Following is a conversation he had recently with Richard Torrenzano:

Question:  How much input do you have with U.S. business leaders in terms of your importance as a foreign journalist?

AC:  I would say that is one of the things that the Foreign Press Association does quite successfully. We can create opportunities for our members to talk to corporations and vice versa.  So for example: with Proctor and Gamble, a worldwide company, it would be very difficult for an individual journalist to go to meet the CEO of Proctor and Gamble.  If on the other hand, we put together 50 journalists from around the world to talk to the CEO of Proctor, that’s more achievable and efficient.  We do that kind of thing.  It’s an easier way to get access.

Question: What is the biggest challenge foreign media faces operating in the U.S.?

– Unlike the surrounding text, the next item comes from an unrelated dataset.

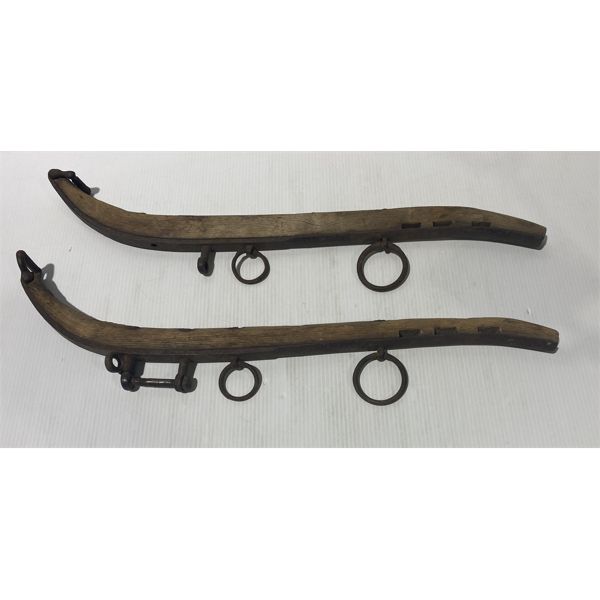 2 VINTAGE WOODEN HORSE HARNESS YOKES, APPROX 25" L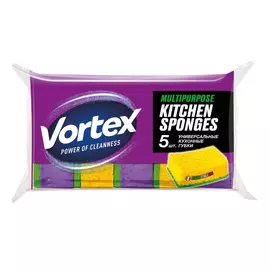 Губка для мытья посуды Vortex Универсальная 5 шт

Alan Capper: To understand the country is the first thing.  You can’t just come here with a small briefing. You need to understand the political structure of the U.S. which is very hard to understand for most foreign journalists. The strengths and weaknesses of the economy, the vast differences in the U.S. by geography, East Coast – West Coast, states, and so on.  It is so much bigger than most of the countries where the journalists come from, with the exception of India or China obviously.

There’s also a need to understand U.S. history.  Some foreign journalists, especially from Europe, would say “Oh it doesn’t have any history; it’s only 300 years old.” That isn’t true. It has a very rich and diverse history. Look at the role of African Americans alone, for example.

Question: Do you think social media impacts the way the foreign media covers the U.S.?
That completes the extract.